▶ **TASK GOAL**
When you reach the line containing "Can You Refrigerate" in the entries below, begin reproducing lines exactly, and stop once the line containing "Deco Wraps wasserfest gold D06xH4,5cm Deco" is done.

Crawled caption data

☆ ☆ ☆ ☆

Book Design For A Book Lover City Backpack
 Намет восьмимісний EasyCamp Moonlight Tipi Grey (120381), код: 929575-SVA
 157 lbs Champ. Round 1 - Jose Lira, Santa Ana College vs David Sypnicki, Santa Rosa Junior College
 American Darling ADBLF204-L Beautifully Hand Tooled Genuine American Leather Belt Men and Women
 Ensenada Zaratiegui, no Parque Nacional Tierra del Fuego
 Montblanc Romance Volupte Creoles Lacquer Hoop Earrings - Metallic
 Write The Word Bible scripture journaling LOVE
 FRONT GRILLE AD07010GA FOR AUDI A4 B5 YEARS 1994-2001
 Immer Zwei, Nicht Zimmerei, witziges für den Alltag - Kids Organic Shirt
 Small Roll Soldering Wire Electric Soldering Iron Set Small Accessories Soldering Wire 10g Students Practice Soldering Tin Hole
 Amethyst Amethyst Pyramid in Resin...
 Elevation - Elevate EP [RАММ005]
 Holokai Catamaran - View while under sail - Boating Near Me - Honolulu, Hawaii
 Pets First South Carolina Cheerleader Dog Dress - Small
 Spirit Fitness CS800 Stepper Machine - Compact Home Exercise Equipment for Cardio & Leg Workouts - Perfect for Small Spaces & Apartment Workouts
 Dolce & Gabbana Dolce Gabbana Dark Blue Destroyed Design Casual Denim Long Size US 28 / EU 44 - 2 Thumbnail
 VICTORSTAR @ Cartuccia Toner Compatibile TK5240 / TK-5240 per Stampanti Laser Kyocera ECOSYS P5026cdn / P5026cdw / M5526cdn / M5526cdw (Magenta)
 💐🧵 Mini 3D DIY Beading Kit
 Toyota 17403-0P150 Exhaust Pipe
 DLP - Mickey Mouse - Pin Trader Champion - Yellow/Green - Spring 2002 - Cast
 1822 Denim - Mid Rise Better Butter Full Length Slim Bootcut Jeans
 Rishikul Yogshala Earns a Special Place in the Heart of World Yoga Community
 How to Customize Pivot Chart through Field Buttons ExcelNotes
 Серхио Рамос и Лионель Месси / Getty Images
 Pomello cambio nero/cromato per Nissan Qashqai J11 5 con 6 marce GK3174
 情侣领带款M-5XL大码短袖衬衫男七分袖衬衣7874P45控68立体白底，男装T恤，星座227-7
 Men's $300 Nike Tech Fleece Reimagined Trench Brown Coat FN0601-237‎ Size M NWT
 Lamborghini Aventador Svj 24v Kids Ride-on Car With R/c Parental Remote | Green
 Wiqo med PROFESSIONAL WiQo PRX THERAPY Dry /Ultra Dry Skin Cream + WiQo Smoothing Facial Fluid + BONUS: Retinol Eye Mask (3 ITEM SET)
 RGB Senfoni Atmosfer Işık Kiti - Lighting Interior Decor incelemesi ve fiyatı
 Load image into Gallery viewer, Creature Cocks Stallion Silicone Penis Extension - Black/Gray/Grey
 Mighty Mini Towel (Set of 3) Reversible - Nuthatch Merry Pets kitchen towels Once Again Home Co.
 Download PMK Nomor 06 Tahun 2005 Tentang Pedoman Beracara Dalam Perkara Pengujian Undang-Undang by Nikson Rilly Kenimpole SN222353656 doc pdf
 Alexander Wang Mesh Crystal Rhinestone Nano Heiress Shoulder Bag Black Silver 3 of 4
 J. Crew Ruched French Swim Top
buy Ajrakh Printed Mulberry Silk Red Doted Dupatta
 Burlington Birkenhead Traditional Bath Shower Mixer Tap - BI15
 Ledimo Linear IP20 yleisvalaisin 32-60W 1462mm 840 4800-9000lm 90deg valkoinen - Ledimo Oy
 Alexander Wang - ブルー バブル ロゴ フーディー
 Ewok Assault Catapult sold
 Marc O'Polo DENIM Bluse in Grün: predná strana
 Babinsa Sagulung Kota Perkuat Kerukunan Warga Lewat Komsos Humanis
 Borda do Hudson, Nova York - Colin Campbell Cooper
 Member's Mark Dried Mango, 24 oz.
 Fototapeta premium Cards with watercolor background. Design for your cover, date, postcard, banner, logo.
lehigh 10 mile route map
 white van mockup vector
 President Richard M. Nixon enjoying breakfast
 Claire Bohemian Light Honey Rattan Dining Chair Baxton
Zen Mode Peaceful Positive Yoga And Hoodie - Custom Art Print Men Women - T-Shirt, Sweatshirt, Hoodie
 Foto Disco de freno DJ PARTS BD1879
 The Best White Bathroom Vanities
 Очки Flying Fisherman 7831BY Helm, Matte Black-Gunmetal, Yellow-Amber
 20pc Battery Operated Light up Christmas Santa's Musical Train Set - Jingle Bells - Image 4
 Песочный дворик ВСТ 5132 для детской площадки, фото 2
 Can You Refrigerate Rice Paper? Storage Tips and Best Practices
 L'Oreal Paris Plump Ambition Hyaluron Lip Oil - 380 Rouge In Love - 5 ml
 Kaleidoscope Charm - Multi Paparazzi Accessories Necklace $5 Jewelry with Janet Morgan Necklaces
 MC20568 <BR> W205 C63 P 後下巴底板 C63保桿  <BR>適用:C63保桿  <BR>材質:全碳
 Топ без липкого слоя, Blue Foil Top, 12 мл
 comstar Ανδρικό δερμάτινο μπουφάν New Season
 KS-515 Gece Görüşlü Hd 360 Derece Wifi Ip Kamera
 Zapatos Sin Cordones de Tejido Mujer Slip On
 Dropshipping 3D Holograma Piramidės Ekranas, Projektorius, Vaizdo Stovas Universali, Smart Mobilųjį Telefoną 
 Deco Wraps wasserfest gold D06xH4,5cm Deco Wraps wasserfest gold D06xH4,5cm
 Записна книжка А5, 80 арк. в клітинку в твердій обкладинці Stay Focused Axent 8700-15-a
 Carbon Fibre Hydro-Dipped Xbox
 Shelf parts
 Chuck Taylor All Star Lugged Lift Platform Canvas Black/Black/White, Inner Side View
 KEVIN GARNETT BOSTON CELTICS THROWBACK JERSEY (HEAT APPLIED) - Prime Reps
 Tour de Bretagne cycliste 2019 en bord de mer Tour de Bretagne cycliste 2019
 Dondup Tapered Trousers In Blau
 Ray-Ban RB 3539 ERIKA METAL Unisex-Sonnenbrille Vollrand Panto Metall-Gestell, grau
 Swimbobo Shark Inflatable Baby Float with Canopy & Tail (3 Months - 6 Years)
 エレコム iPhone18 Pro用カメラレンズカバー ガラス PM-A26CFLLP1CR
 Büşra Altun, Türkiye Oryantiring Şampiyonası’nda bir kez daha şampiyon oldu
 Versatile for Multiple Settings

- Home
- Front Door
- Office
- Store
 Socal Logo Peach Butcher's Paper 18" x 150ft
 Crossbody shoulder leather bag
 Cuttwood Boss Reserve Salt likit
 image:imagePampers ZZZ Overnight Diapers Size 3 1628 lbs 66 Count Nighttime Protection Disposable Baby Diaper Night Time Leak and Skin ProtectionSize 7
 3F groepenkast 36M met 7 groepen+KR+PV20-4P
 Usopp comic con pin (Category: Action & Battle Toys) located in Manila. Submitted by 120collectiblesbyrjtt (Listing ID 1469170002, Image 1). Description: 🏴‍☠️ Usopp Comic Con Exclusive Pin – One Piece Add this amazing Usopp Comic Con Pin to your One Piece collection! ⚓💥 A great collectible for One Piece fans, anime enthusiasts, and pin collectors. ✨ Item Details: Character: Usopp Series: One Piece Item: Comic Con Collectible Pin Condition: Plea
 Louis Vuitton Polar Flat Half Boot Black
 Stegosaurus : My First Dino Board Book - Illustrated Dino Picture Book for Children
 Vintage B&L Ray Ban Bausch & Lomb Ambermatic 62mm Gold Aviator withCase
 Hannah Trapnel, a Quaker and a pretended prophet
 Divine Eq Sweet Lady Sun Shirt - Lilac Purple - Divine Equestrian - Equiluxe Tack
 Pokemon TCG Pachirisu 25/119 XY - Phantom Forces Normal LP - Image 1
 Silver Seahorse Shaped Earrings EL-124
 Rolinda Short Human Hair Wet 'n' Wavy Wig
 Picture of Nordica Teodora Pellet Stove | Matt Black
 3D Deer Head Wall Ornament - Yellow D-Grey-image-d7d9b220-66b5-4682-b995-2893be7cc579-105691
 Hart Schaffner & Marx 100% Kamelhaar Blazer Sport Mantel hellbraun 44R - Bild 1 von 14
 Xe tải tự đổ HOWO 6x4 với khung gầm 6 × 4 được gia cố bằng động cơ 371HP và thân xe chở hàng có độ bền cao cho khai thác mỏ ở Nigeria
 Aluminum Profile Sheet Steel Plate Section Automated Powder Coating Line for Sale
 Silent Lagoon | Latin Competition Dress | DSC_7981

☆ ☆ ☆ ☆

▶ **SOLUTION FOR THIS EXERCISE**
 Can You Refrigerate Rice Paper? Storage Tips and Best Practices
 L'Oreal Paris Plump Ambition Hyaluron Lip Oil - 380 Rouge In Love - 5 ml
 Kaleidoscope Charm - Multi Paparazzi Accessories Necklace $5 Jewelry with Janet Morgan Necklaces
 MC20568 <BR> W205 C63 P 後下巴底板 C63保桿  <BR>適用:C63保桿  <BR>材質:全碳
 Топ без липкого слоя, Blue Foil Top, 12 мл
 comstar Ανδρικό δερμάτινο μπουφάν New Season
 KS-515 Gece Görüşlü Hd 360 Derece Wifi Ip Kamera
 Zapatos Sin Cordones de Tejido Mujer Slip On
 Dropshipping 3D Holograma Piramidės Ekranas, Projektorius, Vaizdo Stovas Universali, Smart Mobilųjį Telefoną 
 Deco Wraps wasserfest gold D06xH4,5cm Deco Wraps wasserfest gold D06xH4,5cm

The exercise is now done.